Pumpkin & Coconut Soup

The winter season is soup season ! I just love having a warming soup after a walk on Hampstead Heath on a cold winter’s day or after coming home from work, having frozen my feet off. And pumpkin soup is always a winner. I love pumpkins, they kind of look clumsy but have something magical at the same time and they are so tasty. Pumpkins come in all kinds of colours, shapes and sizes and are part of the winter squash family, which include butternut, acorn and spaghetti squash.

Autmn           Pumpkin

Like all orange coloured fruit and vegetables, pumkins are a super rich source of carotenes. Our clever body converts carotenes into vitamin A,  which  helps us maintain gorgeous and healthy skin and cell function.  Pumpkins are also a good source of vitamin C, B1, B6 and folic acid, making them a fantastic immune boosting, cell building winter vegetable. Good levels of potassium support our body’s fluid and electrolyte balance and the fiber helps to keep our digestive system in good shape.

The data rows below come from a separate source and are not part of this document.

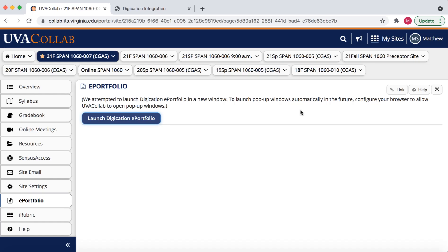Hello students. For this tutorial video I will show you how to acquire a Digication portfolio from a Digication template that has been provided by your instructor.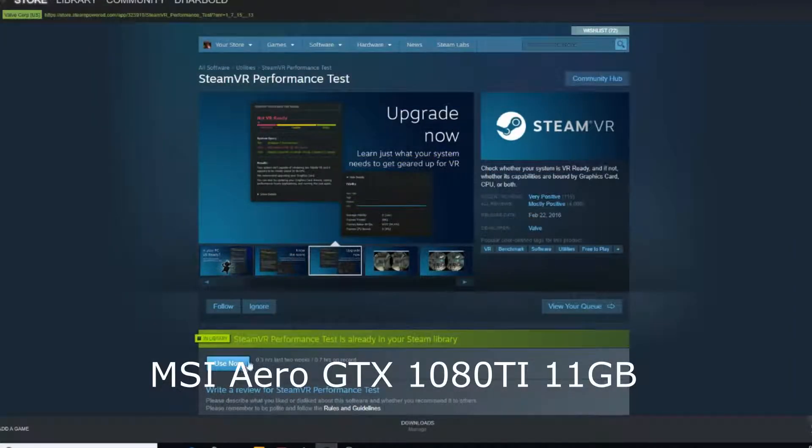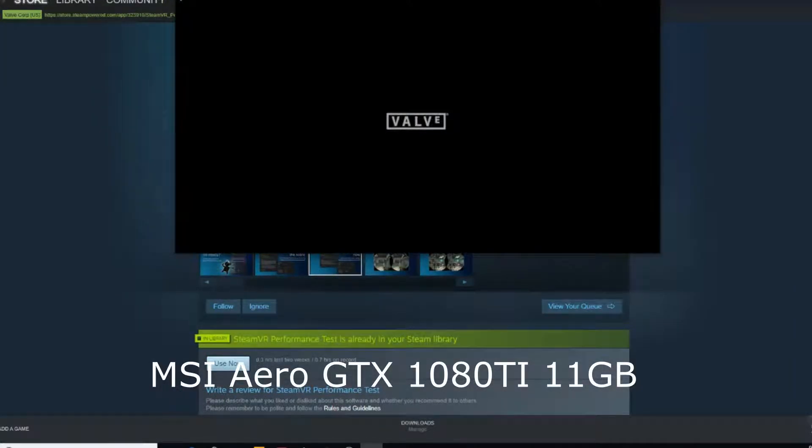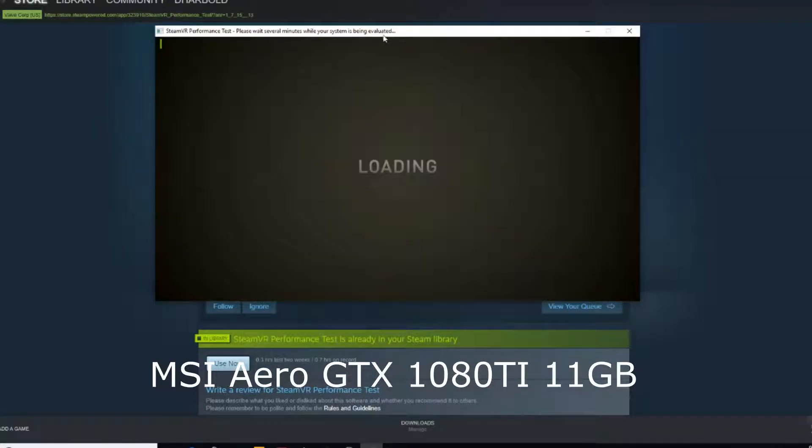And last but not least, we have the MSI Aero GTX 1080 Ti 11GB.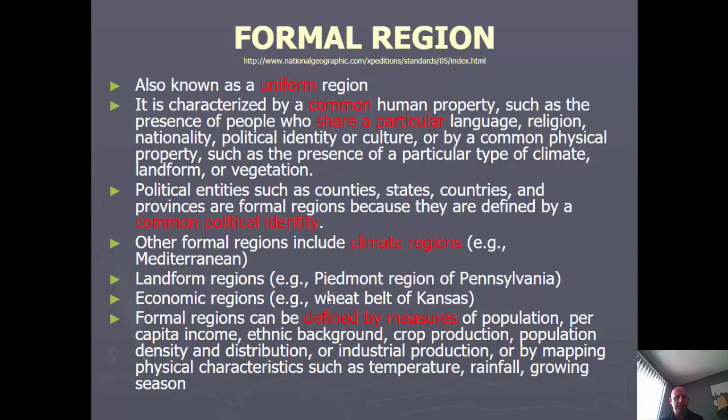Formal regions can also be defined by population clustering, income, ethnicity — like where most Polish Americans are concentrated in the United States — crop production, industry, or any physical characteristic such as climate, temperature, rainfall, or growing seasons. Any political entity is a formal region, so Germany is one, and so is Berlin. Even all of Europe could be considered a formal region politically, since most countries belong to the European Union.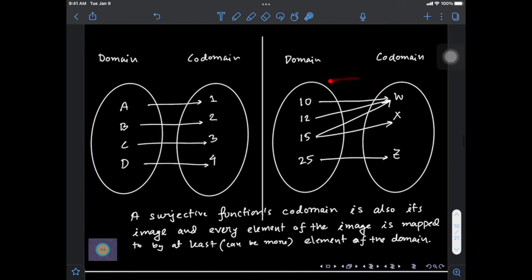Now let's look at a slightly more complicated example. Here, some elements of the co-domain are mapped to by at least one element of the domain — for example, z is mapped to only by 25. However, w and x are mapped to by more than one element: w is mapped to by 10, 12, and 15, while x is mapped to by only one element, 15.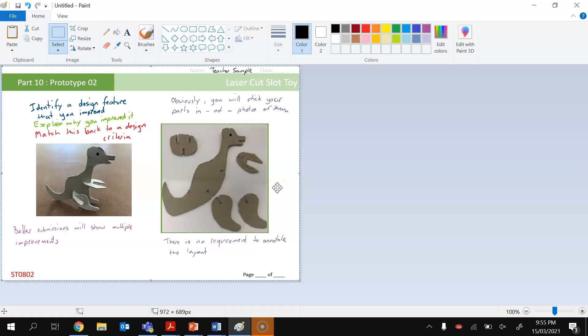Now we're going to open up a program called Paint, and in Paint we're going to paste the picture that was taken of our flattened slot toy. In my case, it's my little dinosaur here.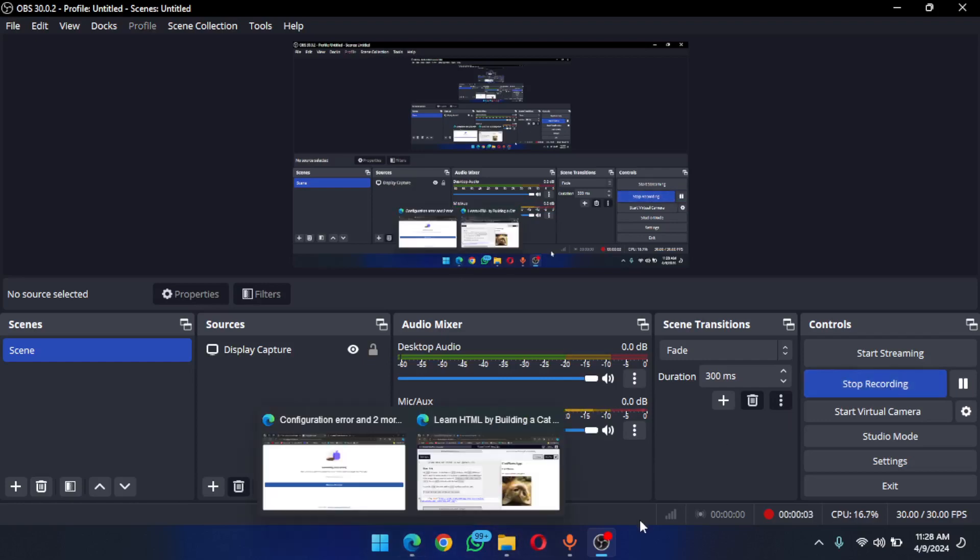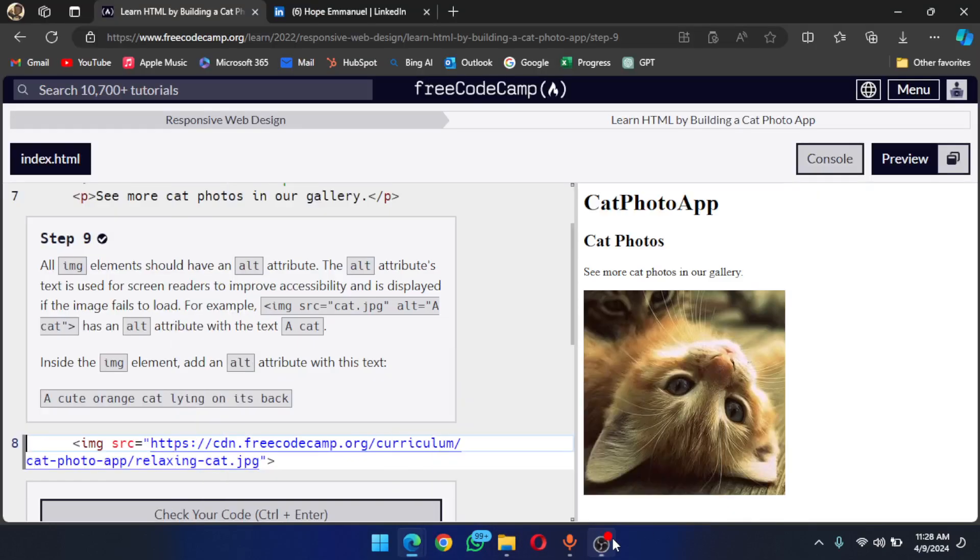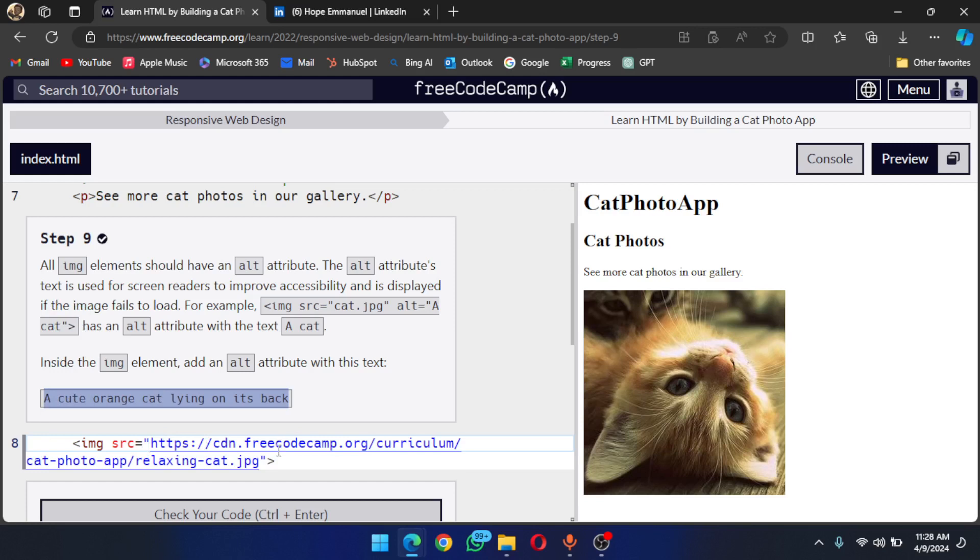Hi guys, so for this step 9 we are going to add an alt attribute. This is just for screen readers and accessibility. So copy this alt attribute, and then right after the source, you write alt equals and open the quotes and paste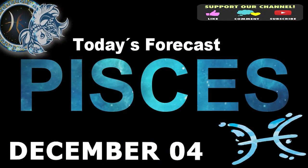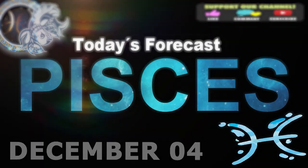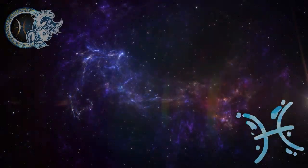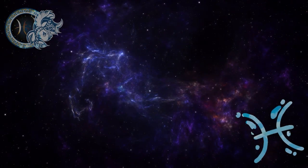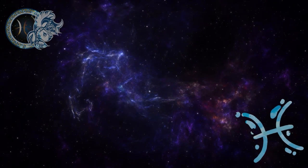Pisces. Welcome to your daily horoscope. Overconfidence is slowing down your advancement.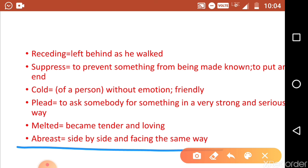The last word is 'abreast.' Abreast means going side by side and facing the same way — walking side by side with each other. I have made a short video so you don't get bored. The rest of the word meanings I will discuss in the next video. Thanks.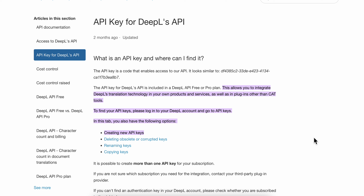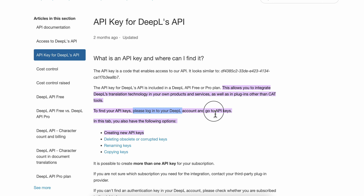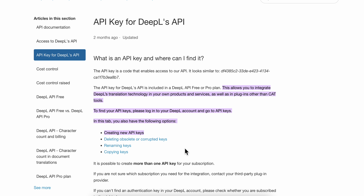How to get a DPL API key. The API key for the DPL API is included in the free or pro plan. What you're going to have to do is simply log into your DPL account and go to API keys. Then simply click on 'Create a new API key,' and that's how you can get your DPL API key.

To me, my mum and my aunt are some of the greatest cooks I know, so a lot of my recipes are influenced by them. The following is an adaption of my mum’s famous pumpkin chili soup.


Pumpkin & Coconut Soup – Serves 3-4

1 medium sized Tom Fox pumpkin ( or any variety you can find) peeled & cubed
3-4 carrots ( peeled & slices)
2 shallots ( diced)
3-4 cm of ginger
1/2 small orange ( grated skin )
Vegetable stock ( enough to cover the pumpkin cubes & carrots well)
1 tbsp of coconut oil
1 can of coconut milk/cream
1 small dried chili or 1/2-1 tsp chili powder
1 tsp of turmeric
1 tsp of cumin powder
1cm vanilla pod ( optional)
Himalayan salt & pepper
Pumpkin seed oil ( optional)

Cut the pumpkin alongside the marks, so you ‘ll end up with pumpkin slices. Once sliced, it will be a lot easier to cut away the skin. If you can find a Hokkaido pumpkin you won’t need to peel off the skin, as it is edible.  Remove the seeds but don’t throw them away as you can roast them in the oven and use as a nutritious garnish for the soup, add to a salad or nibble on as a snack. Just dry them off a bit, add some olive oil so they are lightly coated, season with ground cumin, Ras el Hanut  or some Himalayan salt, spread on baking paper and bake at 180 degrees until crisp, keep turning during the process so they crisp up evenly.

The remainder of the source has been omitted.